Lisa Williams makes small things big in new poetry collection
Centre College professors are celebrated not only for their skill and enthusiasm for teaching but also for the exceptional work they do within their fields. Lisa Williams, director of the Creative Writing Program and associate professor of English (pictured right), is known for her success both in and out of the classroom. Williams teaches courses in poetry, nature writing and creative non-fiction among others, and has published several highly acclaimed collections of her own poetry, including her third and most recent collection, Gazelle in the House (New Issues Press, 2014).
Intensely focused yet vastly resonating, the poems in this collection reflect virtuosity and candor. Fellow poet Susan Stewart describes Williams’ voice as deeply honest and dynamic.
“Painting with colors at times opaque, at times transparent, moving between shallows, tide-pools, and the abysses of dreams,” writes Stewart, “Williams’ voice is solitary, meditative, intimate—and in the end a means of revelation.”
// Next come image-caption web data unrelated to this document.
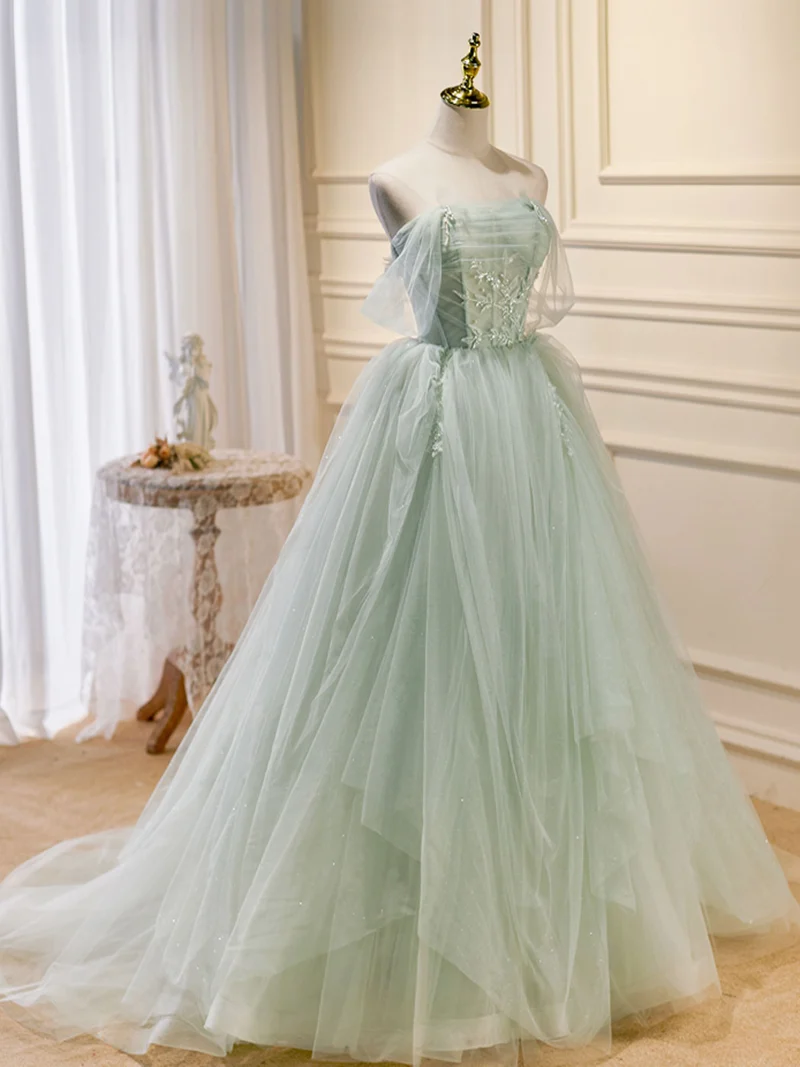 Robe de bal longue verte en tulle à épaules dénudées et coupe trapèze avec détails en perles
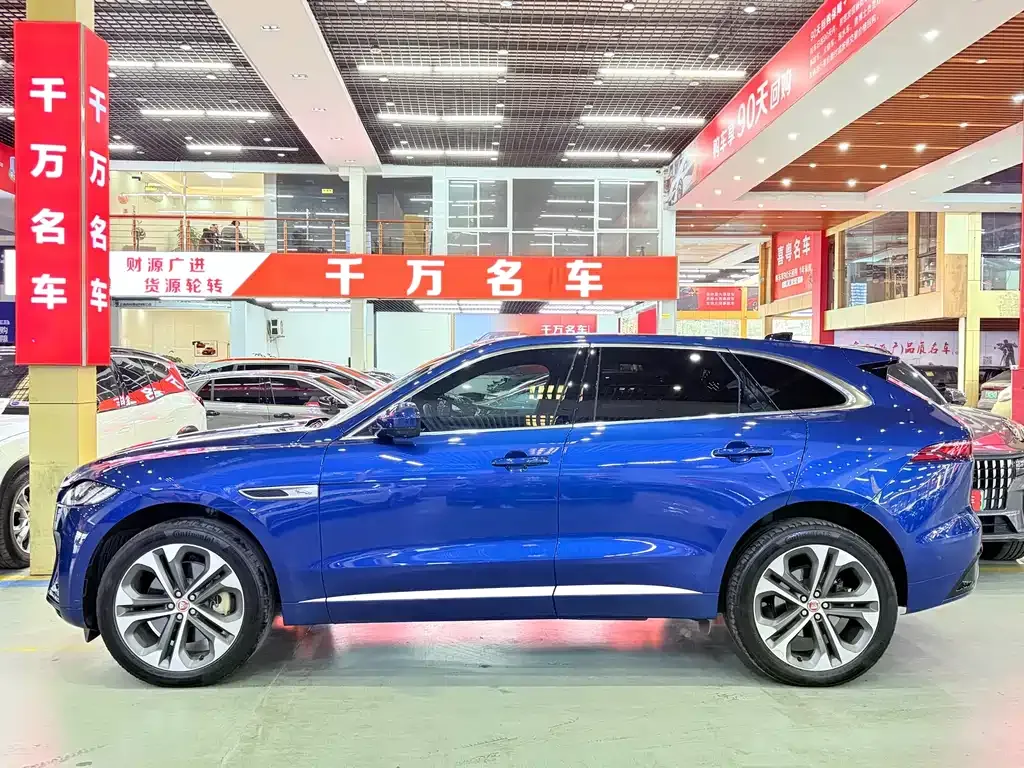 Jaguar F-PACE — фото 3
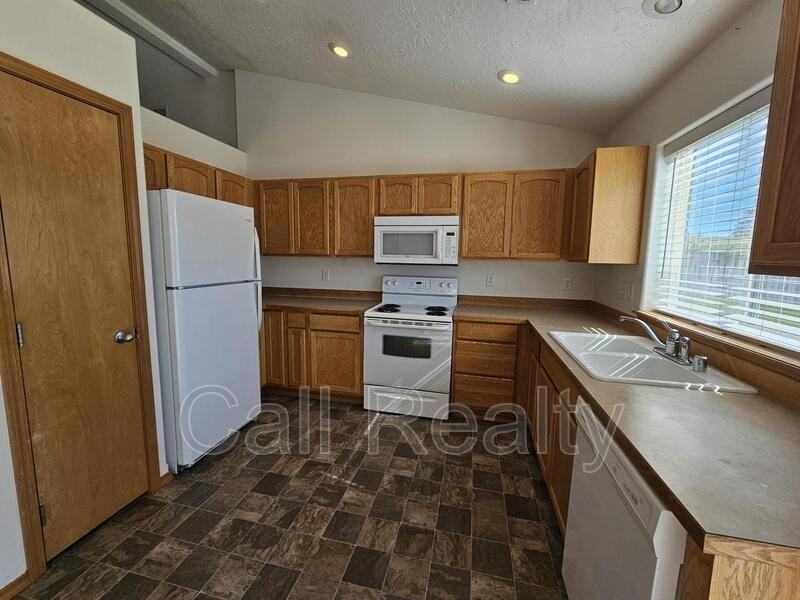 826 Fox Ridge Rd - Photo 6 of 13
Williams’ first collection, The Hammered Dulcimer (Utah State University Press, 1998), won the May Swenson Poetry Award, and her second, Woman Reading to the Sea (W.W. Norton, 2008), won the Barnard Women Poets Prize. Like many writers, however, Williams’ style and approach has evolved over the years.
“I like to write about nature, but my ideas about how do that have really changed,” Williams explains. “In my earlier work I looked at larger landscapes, but recently I’ve been more interested in paying attention to things that might be smaller, not a whole landscape, but something within it that maybe I can’t see, but can instead use the microscope of my imagining.”
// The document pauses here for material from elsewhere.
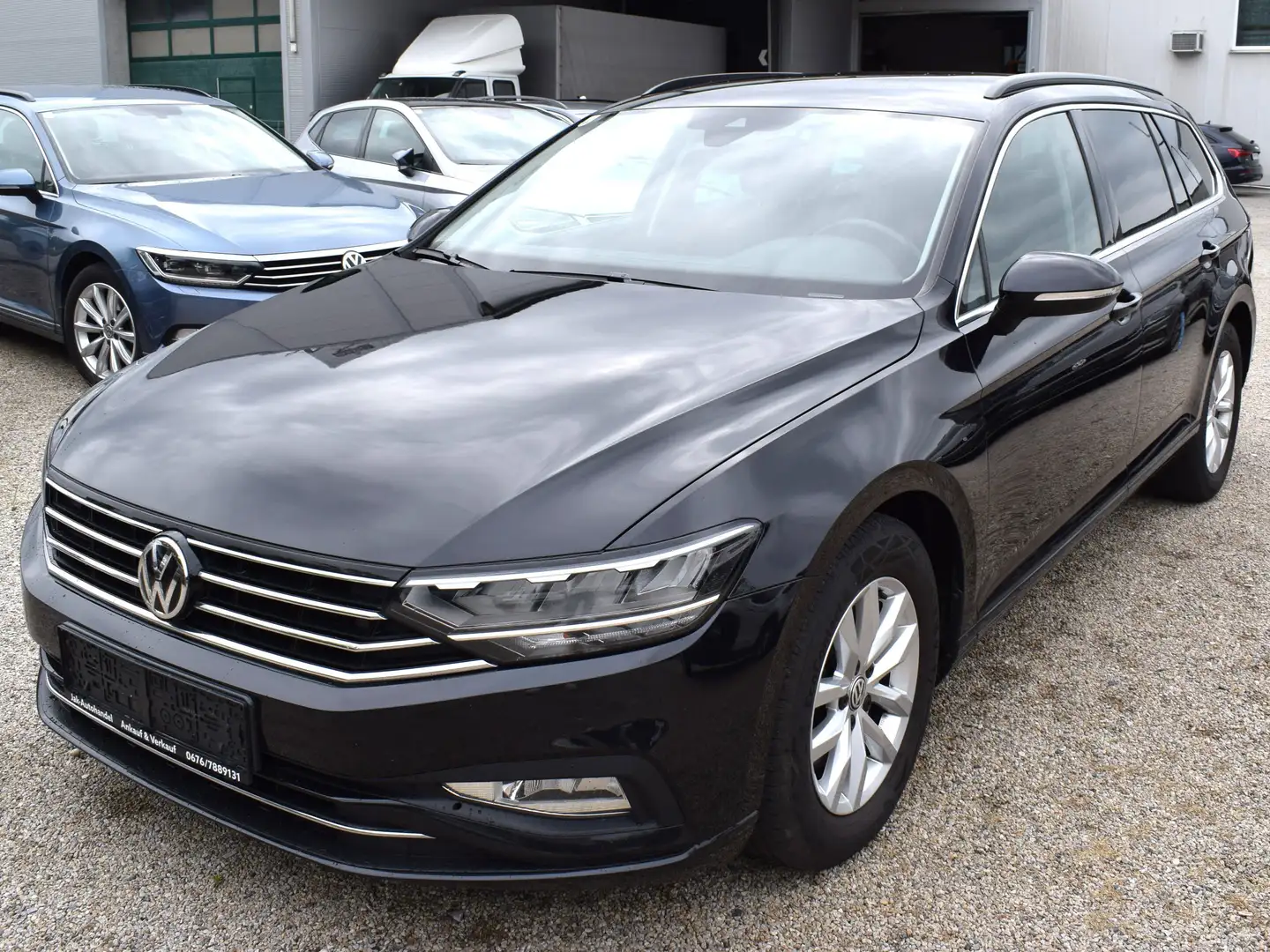 Volkswagen Passat Variant Business 2,0 SCR TDI DSG Zwart - 1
These smaller subjects still pack a punch with poems, such as “Nucleolus” and “Pelican Eye.” In “The Hummingbird Aviary,” Williams depicts the “bluridescence” of a mother hummingbird feeding her miniscule young:
The mother lights down to feed
the flute-hole of its throat — it’s a smudge,
an inkling, this not-yet-grown
hummingbird — it would smear
if you touched it.
Williams has also endeavored to do more with less from a stylistic standpoint.
“I’m not as concerned with lushness of language in these poems. I wanted to use plainer language that is more subdued and unobtrusive, yet still has a kind of musicality to it.”
Even as Williams gains prominence as a poet, she remains just as dedicated to her students’ writing as her own.
“Looking at student work is a passion for me,” she says. “I love reading good writing and helping to make it as strong as it can be.”
The online poetry journal Memorious has named Gazelle in the House one of its Ten Most Anticipated Poetry Books of 2014. Williams’ collection is available on Amazon.com or by order from select bookstores.